▶ _WHAT THE EXERCISE ASKS_
Output, exactly and with no pictures, the line that contains "BIÈRE BLONDE SIGNATURE" and every line that comes after it in the data below, the last one included.

▶ _DATA SHOWN_
☆ ☆ ☆

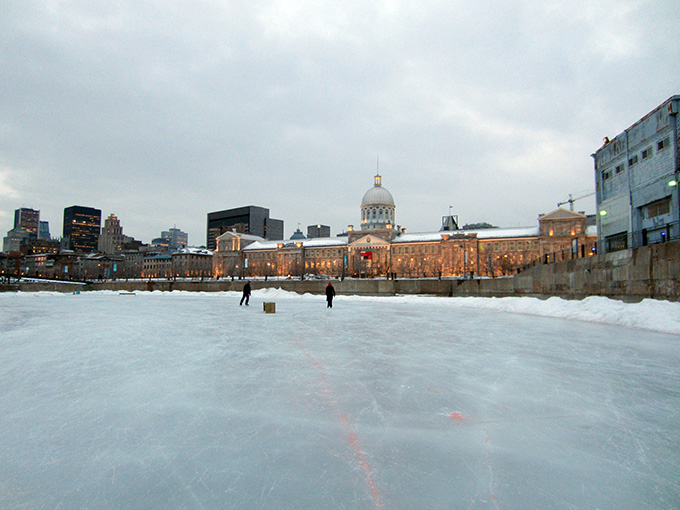 Bonsecours Basin Ice Skating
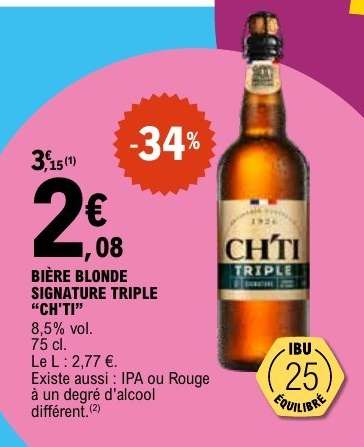 BIÈRE BLONDE SIGNATURE TRIPLE “CH’TI”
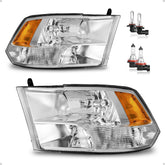 KarSpareHub front view of headlight pair showing exact OEM-style fit and finish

☆ ☆ ☆

▶ _RESPONSE_
 BIÈRE BLONDE SIGNATURE TRIPLE “CH’TI”
 KarSpareHub front view of headlight pair showing exact OEM-style fit and finish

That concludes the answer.